Then I discovered tamari. Have no details because I buy it from the bulk container at the health food coop. For years it was my go-to soy sauce. Then they stopped carrying it. Lately I've been using Yamasa, which I get at the Oriental market. True, it's Japanese style. And wouldn't work for you because of the high salt content (940 mg). Frankly, I don't pay much attention to sodium levels, because of the small quantities we use. Soy sauce, for me, is a salt substitute among other things.

Lately I've been subbing about half the soy in a recipe with fish sauce (Three Crabs brand Nuoc Mam Nhi). To my tastebuds, the fish sauce provides more of the complexity I'm looking for, a greater sense of umami.

Keep in mind that, while I enjoy Asian foods, it's not a passion, and many of the nuances you discuss may be lost on me.


----------



## phatch (Mar 29, 2002)

MaryB said:


> To be fair you should have tested regular Kikkomans also. So far it is my favorite but getting other brands out here is hard.


I don't claim this as a comprehensive taste. Just to discuss soy sauce and point out some issues and vagaries of taste testing. And it's what i had on hand, which is admittedly geared to a lower sodium style of cooking overall.


----------



## phatch (Mar 29, 2002)

My friend is a Yamasa fan. She's of Japanese heritage so perhaps that's not surprising.


----------



## gunnar (Apr 3, 2008)

I have a dark soy I use, found it in my semi-local asian market. It's actually gluten free according to it's ingredients , not sure how much sodium it has but like KYH,  I use it as a salt substitute and really love the rich flavor it has. I am currently out and been meaning to get down to the market but the name is something like Jeet Kueng So or some such. it comes in a variety of flavors but I use the dark. I like my soy like my beer, dark, rich and hearty.


----------



## chefedb (Apr 3, 2010)

I have been using a lot of Ponzu sauces lately. I love the flavor.


----------



## ishbel (Jan 5, 2007)

Kikkoman's 'full-fat' version.


----------



## chefbillyb (Feb 8, 2009)

phatch, thanks for the review and all the work you put into the article............I though you might enjoy the Hawaiian version..........this is a picture of Shoyu Chicken plate lunch I had at the Rainbow Drive-in restaurant on Oahu ,,,,,,,,,,,ChefBillyB

Shoyu Shimmy............I just got back from Hawaii and Shoyu is on the table in every restaurant. Aloha Shoyu was the pick in Hawaii, I didn't see any other one used. I liked Aloha Shoyu, it was mild in taste and less salty.................. Phatch This is the Shoyu Chicke


----------



## kaneohegirlinaz (Apr 24, 2011)

Oh My! How did I miss this thread? (I think we were away)

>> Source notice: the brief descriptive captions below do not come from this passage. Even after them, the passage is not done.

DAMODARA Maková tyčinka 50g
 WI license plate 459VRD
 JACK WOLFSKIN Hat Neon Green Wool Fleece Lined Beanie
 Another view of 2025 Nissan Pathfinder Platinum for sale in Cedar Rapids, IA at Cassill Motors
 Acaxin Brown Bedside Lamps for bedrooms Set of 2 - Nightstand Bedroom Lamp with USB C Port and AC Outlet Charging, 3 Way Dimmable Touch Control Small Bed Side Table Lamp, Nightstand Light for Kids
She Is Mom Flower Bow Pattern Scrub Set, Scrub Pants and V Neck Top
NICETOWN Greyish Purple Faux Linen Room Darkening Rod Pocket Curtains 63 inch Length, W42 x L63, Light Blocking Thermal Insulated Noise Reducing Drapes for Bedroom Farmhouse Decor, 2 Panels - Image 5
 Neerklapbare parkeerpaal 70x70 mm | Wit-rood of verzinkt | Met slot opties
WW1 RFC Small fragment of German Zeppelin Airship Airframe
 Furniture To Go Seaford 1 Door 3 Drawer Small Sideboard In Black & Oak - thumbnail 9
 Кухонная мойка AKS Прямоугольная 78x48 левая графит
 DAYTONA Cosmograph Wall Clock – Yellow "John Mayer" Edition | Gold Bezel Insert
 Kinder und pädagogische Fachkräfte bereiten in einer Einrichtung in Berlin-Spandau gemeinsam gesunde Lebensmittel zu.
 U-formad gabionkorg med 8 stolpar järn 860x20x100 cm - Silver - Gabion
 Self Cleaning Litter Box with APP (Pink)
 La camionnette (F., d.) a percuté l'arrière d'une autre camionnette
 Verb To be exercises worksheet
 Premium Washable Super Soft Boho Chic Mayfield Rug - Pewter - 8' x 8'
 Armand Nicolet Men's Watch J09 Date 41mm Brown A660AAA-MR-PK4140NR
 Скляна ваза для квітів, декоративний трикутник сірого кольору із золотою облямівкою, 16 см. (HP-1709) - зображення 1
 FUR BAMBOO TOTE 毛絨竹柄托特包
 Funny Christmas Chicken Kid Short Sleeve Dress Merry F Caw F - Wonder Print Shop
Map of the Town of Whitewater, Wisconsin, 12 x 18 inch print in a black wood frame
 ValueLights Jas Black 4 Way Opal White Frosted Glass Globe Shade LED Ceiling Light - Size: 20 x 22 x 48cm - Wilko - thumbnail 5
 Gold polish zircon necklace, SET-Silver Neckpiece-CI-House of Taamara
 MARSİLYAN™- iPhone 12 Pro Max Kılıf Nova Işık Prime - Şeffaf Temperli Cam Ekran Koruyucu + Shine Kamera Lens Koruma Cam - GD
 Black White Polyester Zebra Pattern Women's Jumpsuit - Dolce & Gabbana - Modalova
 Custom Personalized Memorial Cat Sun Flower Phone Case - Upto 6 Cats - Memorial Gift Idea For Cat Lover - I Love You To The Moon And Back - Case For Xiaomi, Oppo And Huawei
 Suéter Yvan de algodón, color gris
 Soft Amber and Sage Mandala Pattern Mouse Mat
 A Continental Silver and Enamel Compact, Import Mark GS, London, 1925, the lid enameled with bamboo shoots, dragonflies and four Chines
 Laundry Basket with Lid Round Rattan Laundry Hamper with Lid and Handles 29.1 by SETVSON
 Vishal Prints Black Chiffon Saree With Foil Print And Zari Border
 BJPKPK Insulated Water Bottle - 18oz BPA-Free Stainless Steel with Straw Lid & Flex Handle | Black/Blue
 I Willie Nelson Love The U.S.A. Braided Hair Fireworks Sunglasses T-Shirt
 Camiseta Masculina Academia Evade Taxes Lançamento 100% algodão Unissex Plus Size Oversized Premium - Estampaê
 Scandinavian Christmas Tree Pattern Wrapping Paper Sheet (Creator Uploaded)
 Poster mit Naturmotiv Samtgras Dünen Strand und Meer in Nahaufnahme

ChefBillyB, brah! You know where it's at; Aloha Brand Shoyu (soy sauce) is THE one

Though I did grow up in Hawaii, my Mother was not from Hawaii and would buy whatever was on sale when she needed more Soy Sauce. So for me, I've tried MANY different brands over my life time, I couldn't sit down and list them, but ever since I established my own household, it's been Aloha. My husband, who is from PA, agrees and he never had any "Asian" dishes until he met me, not even steamed rice. Since moving to the "mainland" it's been a chore to find this brand, but I now buy the gallon size low-sodium, as we age certain things do need to change, right?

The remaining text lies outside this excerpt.